I don't necessarily want to make out like this is something exclusive to Exalted. It's endemic to genre fiction. Paul Atreides ruthlessly objectifies the Fremen. Likewise the noble characters from Game of Thrones. And so on. But Exalted is unusual for the degree that it revels in the spectacle of power. The oppressors are generally cunning, unless they are honorable souls who sometimes feel conflicted about it all (Don't listen to your wife, Cynis Avaku, you should feel bad about killing that child to protect your family's opium profits). The disfunction of the Realm is only apparent after the Empress disappears.

It's actually going to get worse before it gets better (2nd edition's depictions of Lookshy and Paragon veer into the openly authoritarian-apologist), but even at its best there's no denying that Exalted is basically "Authoritarian Grandeur: the RPG." 

The standard defense is that it's actually deconstructing the genre's more typical power fantasy, but I think that defense is actually pretty weak. The central satirical element is supposed to be the fact that "the power of the gods" has no moral component, so your "shining champions of the Unconquered Sun" can be utter bastards, but as a critique it's relatively toothless because "give godlike power to any random goon, 'so long as the chosen one is of consequence to history and will put its might to use'" is not something you'd even expect to have a good outcome. The reason so many exalted suck is because the exaltation has no means of filtering out people who suck . . . an incisive commentary on power fantasies, I guess.

I'm not sure there's any cure for it, though. The very premise of the game is "filtering out special people from among the rabble and giving them superpowers" and that is aristocratic to the core. My general thinking on the issue is that the patrons should be more personally involved so you can explore the various ways that well-meaning people can misuse power. Like maybe in the First Age, the Unconquered Sun gave his blessing exclusively to the great - mighty warriors, successful generals, brilliant scholars, etc - and the fall of the age was the result of the curdling of greatness. People who had been praised and affirmed for their "brilliant accomplishments" have all of their brakes taken off . . . and nearly destroy the world as a consequence. So the Sun turns his face from the world in disgust . . . and the world very nearly ends because it had no great champions to defend it. And in the Third Age, the Unconquered Sun tries something new, selecting champions from among the oppressed, the neglected, the forgotten who know from first-hand experience what it's like to live under the boot of power . . . and that eventually sets up the prequel to the World of Darkness.

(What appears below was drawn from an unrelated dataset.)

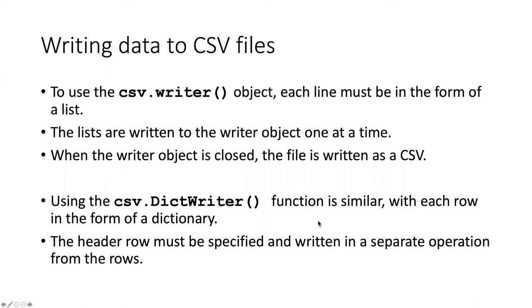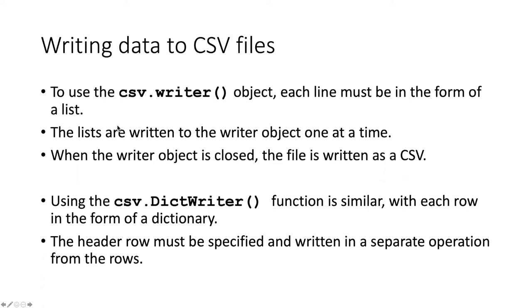The csv module contains an object called csv.writer that we can use to write data to a csv file, and the process is pretty much the reverse of reading. We open up a writer object and then each of the lines that we pass to the writer object has to be in the form of a list. We write them one at a time to the writer object and then when we are finished we close the writer object and it gets written to the file as a csv.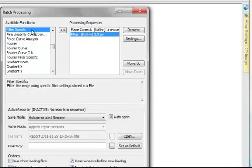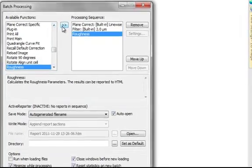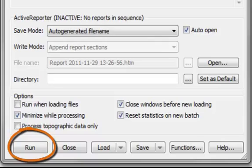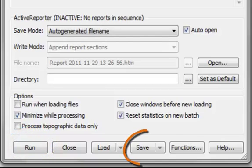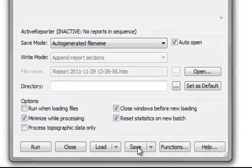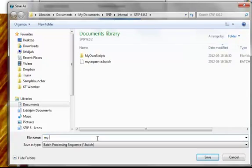Finally, we want to add the roughness analysis. Now, we can run the sequence, or we can save it so we can apply it to other images as well. Let's call it My Roughness.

I mean, if you're going to go bleak with it, you might as well go all the way bleak, right?

Of course, this digression where I focus on the game's worst quality is mainly a distraction from the fact that I completely fell for its aristocratic glamour (if not the full-on authoritarian grandeur). You're shiny superheroes wielding giant swords and calling out the names of your secret techniques. There are a hundred canon locations, each with its own unique fantasy hook. Giant power armor. Airships. Explosions. Perfect defenses. Pure spectacle all the fucking time!

It got its hooks deep into me, and while this specific book only has a fraction of all the stuff I mentioned, it has enough to remind me why Exalted remains my most essential game line, the one I would part with last if, god forbid, I had to sell off or give away my collection. However problematic it can be at times, it also manages to dial into my exact frequency, in all of its editions.

And if it seems weird to you that I can profess such an open and unreserved love for the series in the same post where I call out its central premise as being hopelessly flawed . . . well, welcome to the Exalted discourse, c2006-2010. It only gets weirder from here.

Ukss Contribution: The city of Gem. Forget the meme of it being doomed (oh, yeah, that was a big in-joke in the fandom), the initial pitch - a city inside a dormant volcano where you can buy all sorts of rare minerals in underground markets carved out of the mountain's many lava tubes - is just such an interesting and memorable location.